To my mind, this has important implications for QFT and collapse models. First, for collapse models, one might want to slightly reconsider the efforts that have been invested in phenomenology (and thus I must respectfully disagree with the latest blog post of Sabine Hossenfelder, where she advocates for more phenomenology in this context: I think this time we need a bit more “talk” before.). Indeed, if collapse can reasonably be hidden in existing sectors of the Standard Model, it means that the effects we currently consider to be typical signatures of collapse just come from peculiar choices of non-relativistic models. Collapse models really can be seen as an interpretation of quantum theory (where interpretation is taken in the slightly improper sense it has nowadays, that is as a complete theory underlying the operational formalism of quantum theory without modifying its predictions, insofar as the latter are well defined).

One the QFT front this may also give interesting things. The reformulation of QFT I obtain takes the form of a statistical field theory on $R^4$, that is I have a probability measure (or an object that is formally a probability measure) and the field that one draws from this distribution can be considered to be all there is: it is the final output of the theory (and then, further analysis yields the operational prediction rules, but the latter are not primitive). The nice thing with a probability measure, and more generally about a theory that gives dynamics for “stuff”, is that it can be modified at will without becoming logically inconsistent. This is to be contrasted with an operational framework that may become self contradictory after the slightest modification. Why is this helpful for QFT? Because of the need for regularization. QFT nastily diverges. This is why one usually does computations with a regularization framework before sending the cut-off to infinity (which then requires to redefine the parameters and renormalize the theory, but renormalization is something in spirit that is very different from regularization). But why can’t we just consider regularized theories right from the start, say that they are the real thing, and then just say the cut-off is far so we devise approximation schemes to compute predictions? In this picture, renormalization would then simply be a method to relate the bare parameters of the model to what one measures, without any “fundamental” character. The issue is that, to my knowledge, regularized QFTs are never QFTs. To regularize a QFT one needs to cut the higher momenta. This can be done by putting a lattice (as in Lattice Gauge Theory), but then it’s neither a field theory nor a Lorentz invariant theory. To cut higher momenta in a covariant way, one would typically need higher derivatives in the Lagrangian. But because of Ostrogradsky’s instability, one cannot canonically quantize the corresponding theory. It is nowadays popular to say that QFTs are effective theories as a way to explain out the issues one usually encounters in the UV (such as the Landau pole of QED). However a QFT cannot be the effective theory of its regularized version as the latter cannot be fundamental. This explains (a small part) of the appeal of String theory that does have a UV cut-off without the need to break invariances.

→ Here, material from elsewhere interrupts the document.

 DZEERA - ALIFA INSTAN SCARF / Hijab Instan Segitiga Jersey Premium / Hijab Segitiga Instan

Once QFT is defined as a classic probabilistic theory of fields, regularization is a perfectly legal thing to do. Cutting-off covariantly the highest momenta in the propagators, say by Pauli-Villars regularization, can be done at the fundamental level. In this new formulation, a regularized QFT is a QFT, and a thus a possible well defined foundation of physics.

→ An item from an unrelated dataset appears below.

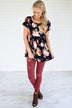 Ever After Floral Babydoll Top ~ Deep Navy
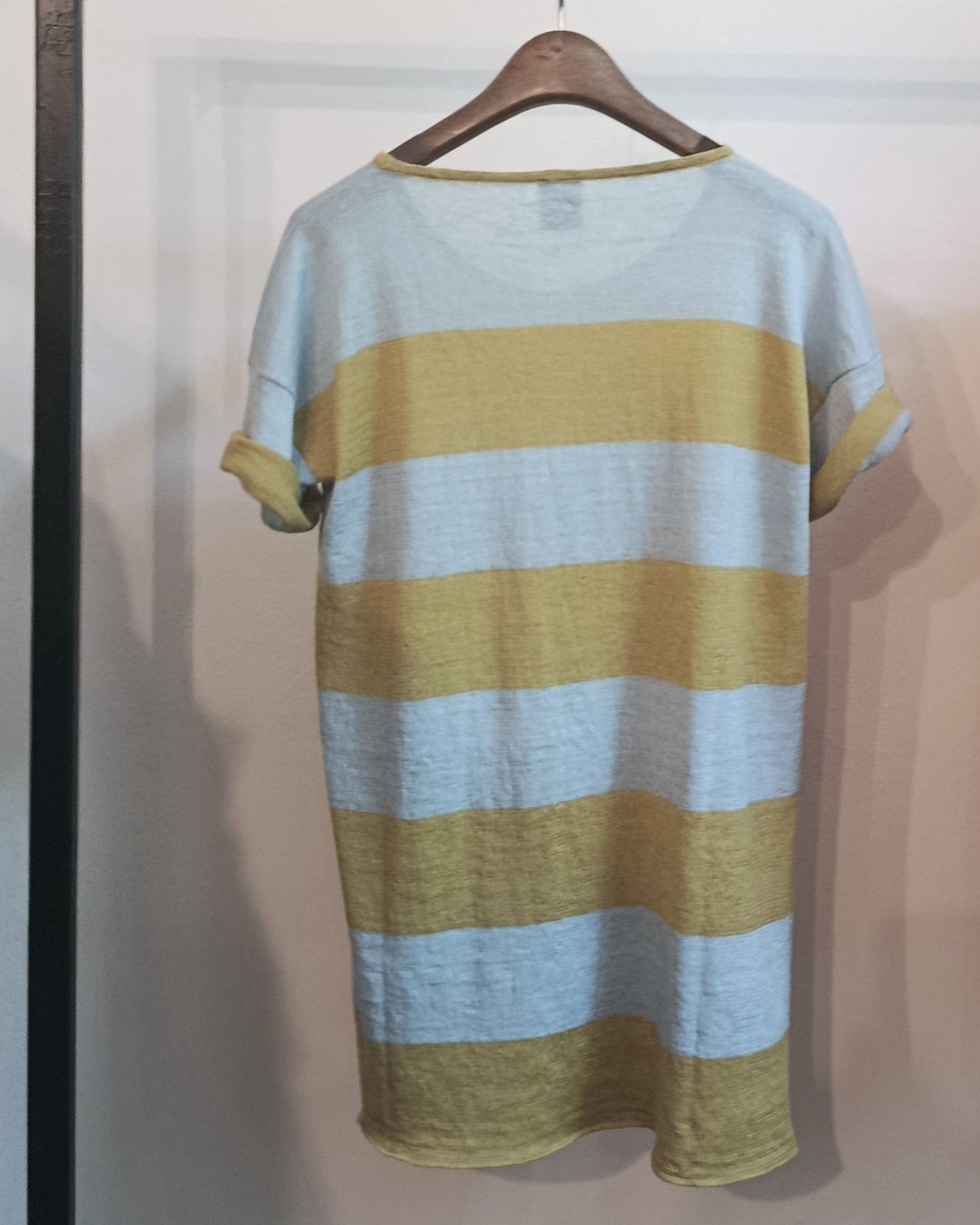 t-shirt lino - righe giallo acido- azzurro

Of course the draft is just of first exploration of this idea and I don’t want to hide the technical difficulties that are still in the way. There is certainly still a lot of stuff to be done, especially at the quantitative level, to know how fast exactly the reduction of superpositions through the collapse mechanism occurs. The level of mathematical well definiteness of the objects used in the theory, even after regularization, certainly needs to be discussed thoroughly as well. Nevertheless, I remain very happy about this result as it seems to me that it opens a whole range of new possibilities.

update 9/02/2017: I have put a newer version of the draft. I had made a mess in the functional integral representation trying to be clever with sources so I have now rewritten everything in terms of asymptotic fermionic states. Hopefully, it now makes more sense.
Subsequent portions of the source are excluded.